Enough. By now it should be perfectly obvious that our economist doesn’t really give a toss about “Alternative Monetary Systems.” The Federal Reserve System is, so far as he’s concerned, the best of all possible monetary systems. He gathers together hackneyed arguments in its defense, including just as much economic history as serves to affirm, but never to challenge, received opinion. He believes that he’s being objective, when in reality he’s got a severe case of status quo bias. He asserts that the opinions he expresses are his own, rather than those of a spokesman for the Federal Reserve System, without appearing to realize that a Fed spokesman would be hard-pressed to paint the Fed in more glowing colors.

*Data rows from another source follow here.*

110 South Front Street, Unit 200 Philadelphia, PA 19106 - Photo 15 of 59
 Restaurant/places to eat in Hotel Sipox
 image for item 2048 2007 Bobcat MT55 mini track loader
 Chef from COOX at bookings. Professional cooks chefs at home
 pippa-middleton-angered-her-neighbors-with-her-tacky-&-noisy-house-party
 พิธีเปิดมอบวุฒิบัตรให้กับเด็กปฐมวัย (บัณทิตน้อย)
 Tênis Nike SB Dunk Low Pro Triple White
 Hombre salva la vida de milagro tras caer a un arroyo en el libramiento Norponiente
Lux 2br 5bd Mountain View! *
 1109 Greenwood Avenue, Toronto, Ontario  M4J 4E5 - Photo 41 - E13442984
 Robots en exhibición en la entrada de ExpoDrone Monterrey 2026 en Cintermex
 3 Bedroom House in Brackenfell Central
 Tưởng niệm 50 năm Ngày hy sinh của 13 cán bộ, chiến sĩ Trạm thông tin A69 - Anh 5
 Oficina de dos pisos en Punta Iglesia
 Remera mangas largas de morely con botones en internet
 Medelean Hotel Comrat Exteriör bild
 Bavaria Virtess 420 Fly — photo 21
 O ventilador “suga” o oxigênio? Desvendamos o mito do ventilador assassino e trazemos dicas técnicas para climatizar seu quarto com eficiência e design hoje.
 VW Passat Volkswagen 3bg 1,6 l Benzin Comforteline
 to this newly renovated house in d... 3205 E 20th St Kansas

But my intent, as I said at the onset, isn’t to single out our economist for a rebuke. His understanding of history and of alternative monetary systems is no worse than that of a thousand other otherwise competent monetary economists. It is proof, not of his own failure, but of the sad state of contemporary monetary economics. Above all, it underscores the dire need for an organization devoted to taking alternative monetary systems seriously.
 The Major-General’s song, from Gilbert and Sullivan’s Pirates of Penzanse.
 And hyperinflation.
 For a discussion of some of these determinants see chapter 2 of Lawrence White’s The Theory of Monetary Instututions (London: Blackwell, 1999).
 Most historical bank runs have been informed by prior information suggesting that the afflicted institutions might be insolvent.